Assignment:
If a line in the entries below holds the string "Used", copy it.
Top of Available data
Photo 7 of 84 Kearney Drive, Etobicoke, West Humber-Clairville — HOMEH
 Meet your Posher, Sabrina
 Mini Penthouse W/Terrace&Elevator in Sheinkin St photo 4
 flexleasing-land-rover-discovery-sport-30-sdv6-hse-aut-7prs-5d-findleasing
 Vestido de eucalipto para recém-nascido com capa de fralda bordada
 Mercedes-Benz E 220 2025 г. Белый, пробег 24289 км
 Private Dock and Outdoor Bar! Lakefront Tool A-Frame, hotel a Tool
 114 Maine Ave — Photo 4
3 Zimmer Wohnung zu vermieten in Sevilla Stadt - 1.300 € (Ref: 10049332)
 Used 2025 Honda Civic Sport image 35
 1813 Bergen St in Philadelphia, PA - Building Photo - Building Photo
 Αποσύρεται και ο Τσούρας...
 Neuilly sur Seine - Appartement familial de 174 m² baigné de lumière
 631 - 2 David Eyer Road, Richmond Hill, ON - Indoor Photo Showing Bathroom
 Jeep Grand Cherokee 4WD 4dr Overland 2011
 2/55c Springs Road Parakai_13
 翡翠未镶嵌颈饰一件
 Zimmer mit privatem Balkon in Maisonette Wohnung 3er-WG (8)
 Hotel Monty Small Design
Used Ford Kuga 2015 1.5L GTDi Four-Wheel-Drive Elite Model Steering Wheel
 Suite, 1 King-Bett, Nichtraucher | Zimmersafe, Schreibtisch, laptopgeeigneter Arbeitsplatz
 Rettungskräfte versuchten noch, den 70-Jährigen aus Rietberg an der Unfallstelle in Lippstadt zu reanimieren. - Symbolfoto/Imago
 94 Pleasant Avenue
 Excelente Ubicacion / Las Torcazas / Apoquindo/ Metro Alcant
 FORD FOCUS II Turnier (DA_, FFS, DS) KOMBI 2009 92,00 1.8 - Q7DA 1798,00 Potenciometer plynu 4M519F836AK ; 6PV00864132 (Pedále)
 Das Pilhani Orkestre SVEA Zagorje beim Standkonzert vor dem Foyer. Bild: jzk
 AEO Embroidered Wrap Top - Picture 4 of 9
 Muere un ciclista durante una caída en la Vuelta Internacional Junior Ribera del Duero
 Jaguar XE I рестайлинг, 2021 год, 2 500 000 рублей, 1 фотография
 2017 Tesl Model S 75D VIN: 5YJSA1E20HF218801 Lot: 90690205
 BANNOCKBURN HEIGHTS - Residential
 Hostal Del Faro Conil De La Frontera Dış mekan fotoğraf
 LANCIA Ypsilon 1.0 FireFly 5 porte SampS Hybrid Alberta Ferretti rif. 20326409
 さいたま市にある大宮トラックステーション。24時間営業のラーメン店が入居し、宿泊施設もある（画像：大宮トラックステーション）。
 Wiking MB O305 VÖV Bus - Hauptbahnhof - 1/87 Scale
Bottom of Available data
Result for this exercise:
 Used 2025 Honda Civic Sport image 35
Used Ford Kuga 2015 1.5L GTDi Four-Wheel-Drive Elite Model Steering Wheel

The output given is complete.